What you are asked to do → Please give back an exact reproduction of the lines from the one with "img 2 attached" through the end of the entries below, and no others.

Data extract →
● ● ● ● ●

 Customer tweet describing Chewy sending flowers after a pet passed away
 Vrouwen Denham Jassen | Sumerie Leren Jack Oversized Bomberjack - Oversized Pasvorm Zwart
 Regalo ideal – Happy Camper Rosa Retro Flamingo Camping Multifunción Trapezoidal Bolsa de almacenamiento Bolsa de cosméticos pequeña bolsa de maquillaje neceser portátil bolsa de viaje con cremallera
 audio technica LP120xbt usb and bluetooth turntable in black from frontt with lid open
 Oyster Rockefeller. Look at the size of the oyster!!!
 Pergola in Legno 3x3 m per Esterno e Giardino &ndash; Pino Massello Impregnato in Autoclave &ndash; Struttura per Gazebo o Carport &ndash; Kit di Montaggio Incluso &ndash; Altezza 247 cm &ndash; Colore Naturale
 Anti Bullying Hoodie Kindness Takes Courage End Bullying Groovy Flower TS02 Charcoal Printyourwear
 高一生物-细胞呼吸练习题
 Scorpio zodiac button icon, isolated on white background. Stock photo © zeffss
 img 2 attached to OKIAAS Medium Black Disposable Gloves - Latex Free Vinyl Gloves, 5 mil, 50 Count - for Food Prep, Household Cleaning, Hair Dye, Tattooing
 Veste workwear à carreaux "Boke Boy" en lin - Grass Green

● ● ● ● ●

Exercise result →
 img 2 attached to OKIAAS Medium Black Disposable Gloves - Latex Free Vinyl Gloves, 5 mil, 50 Count - for Food Prep, Household Cleaning, Hair Dye, Tattooing
 Veste workwear à carreaux "Boke Boy" en lin - Grass Green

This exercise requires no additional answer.